• **EXERCISE BRIEF**: Here is a listing, set out below; repeat its lines from the one with "It has a four-inch" to the last, both included, and leave out the pictures.

• **SUPPLIED INFORMATION**:
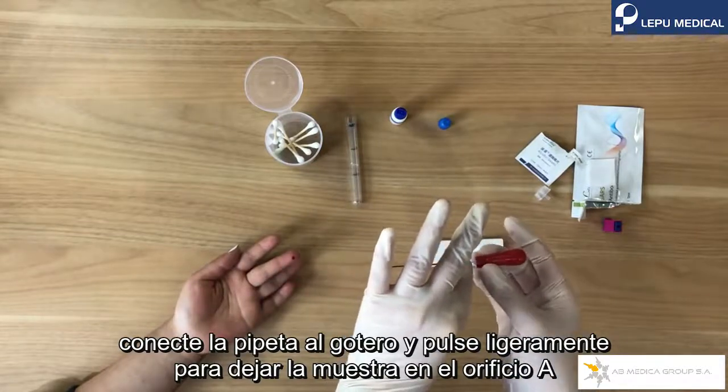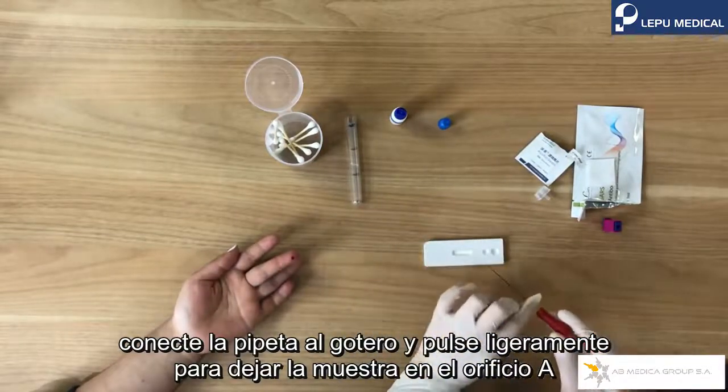Connect the pipette with the dropper head, and squeeze slightly into sample well A.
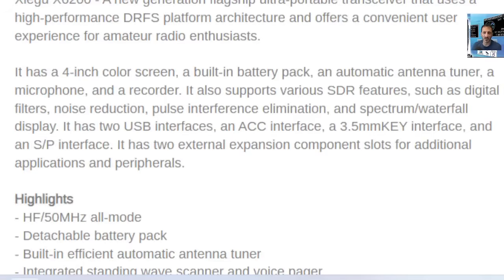It has a four-inch color screen, built-in battery pack, automatic tuner, and built-in microphone. It also supports SDR features such as digital filters, noise reduction, pulse interference elimination, and spectrum waterfall display. There are two USB interfaces, an ACC interface, a 3.5mm key interface, an SP interface, and two external expansion component slots for additional application and professional peripherals — that's the interesting one.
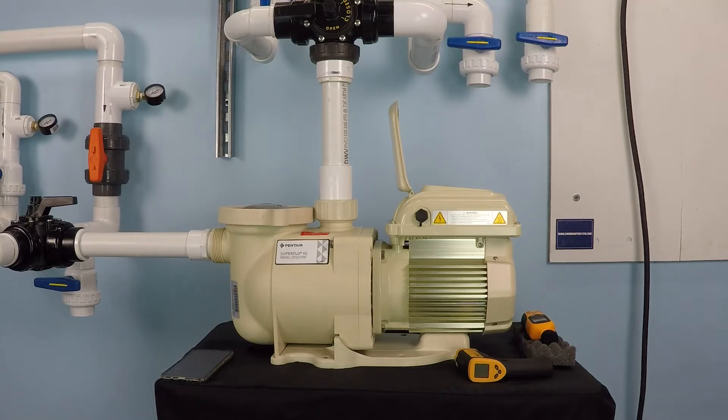The reality is, when looking at something like a variable speed pool pump and how it's supposed to save you energy costs, you need to understand how flow rates work, because they relate directly to how you're going to save that money. I'm just going to show you, and hopefully that'll provide some clarity.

• **TASK RESULT**:
It has a four-inch color screen, built-in battery pack, automatic tuner, and built-in microphone. It also supports SDR features such as digital filters, noise reduction, pulse interference elimination, and spectrum waterfall display. There are two USB interfaces, an ACC interface, a 3.5mm key interface, an SP interface, and two external expansion component slots for additional application and professional peripherals — that's the interesting one.
The reality is, when looking at something like a variable speed pool pump and how it's supposed to save you energy costs, you need to understand how flow rates work, because they relate directly to how you're going to save that money. I'm just going to show you, and hopefully that'll provide some clarity.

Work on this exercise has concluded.